> What you need to do
Copy exactly the lines of the data below, beginning with the line with "2016-chevrolet-k1500-image-54" and ending with the line with "RD$18,394.8 millones 2". Pictures are to be omitted.

----- Dataset content

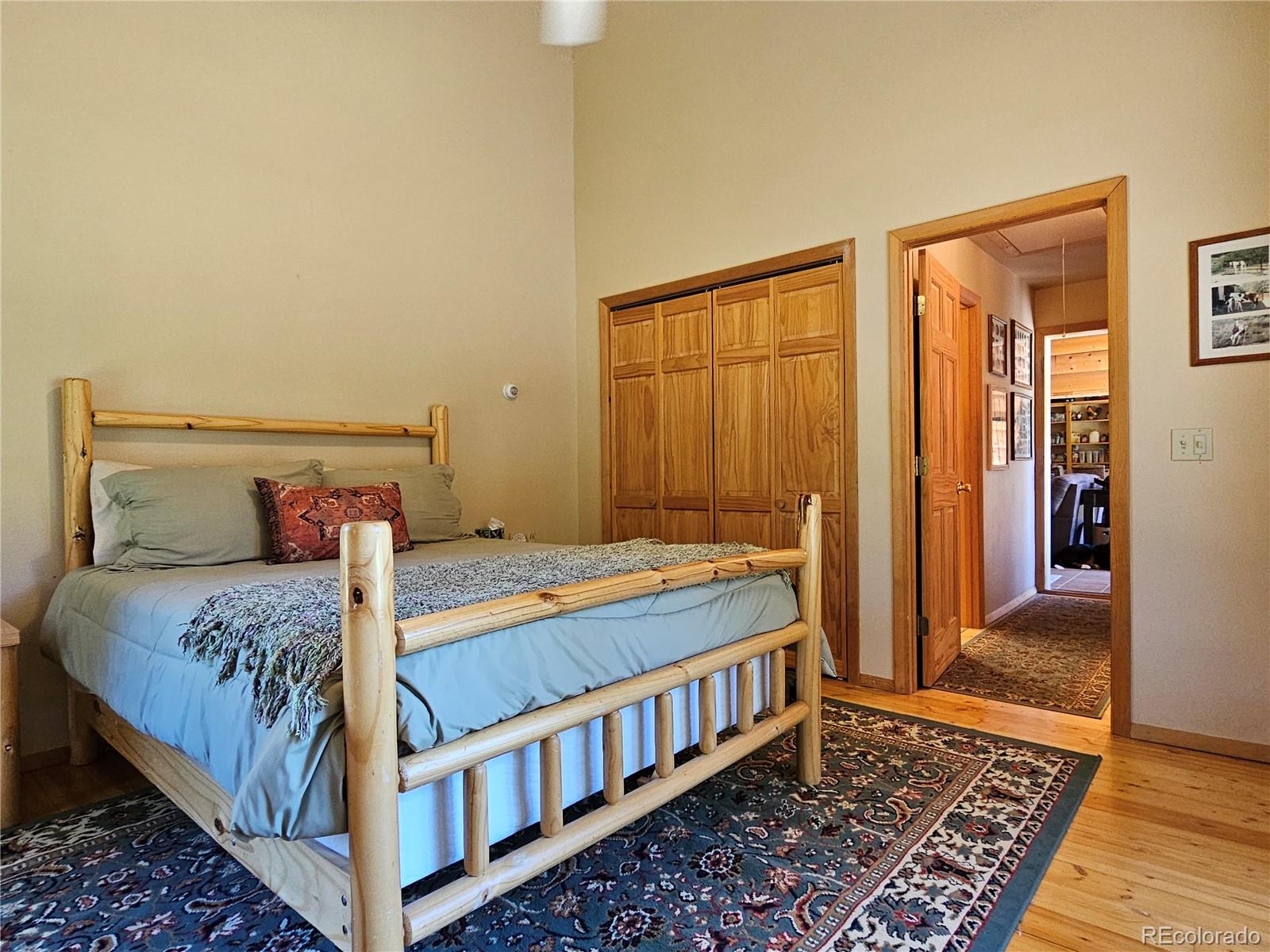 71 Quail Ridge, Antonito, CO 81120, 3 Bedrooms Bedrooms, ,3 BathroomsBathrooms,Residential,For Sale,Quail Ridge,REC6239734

----------
----- Dataset content

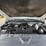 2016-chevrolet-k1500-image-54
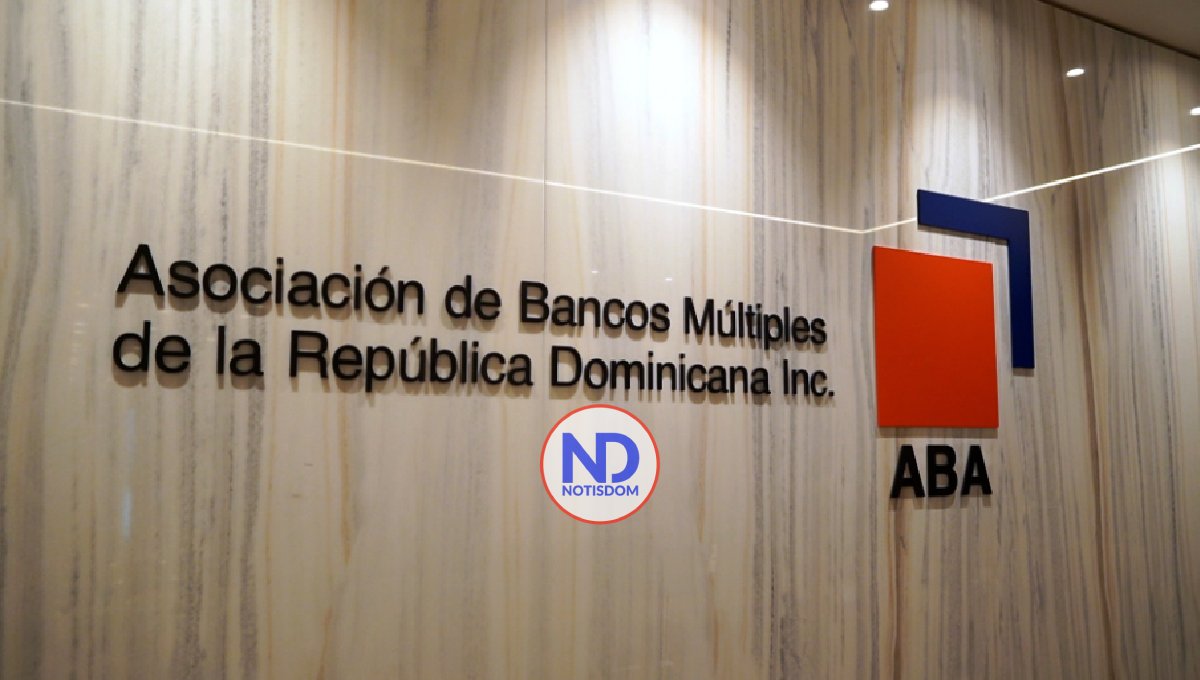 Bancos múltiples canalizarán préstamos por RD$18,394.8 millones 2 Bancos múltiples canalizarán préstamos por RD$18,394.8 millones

----------

> Solution for this problem
 2016-chevrolet-k1500-image-54
 Bancos múltiples canalizarán préstamos por RD$18,394.8 millones 2 Bancos múltiples canalizarán préstamos por RD$18,394.8 millones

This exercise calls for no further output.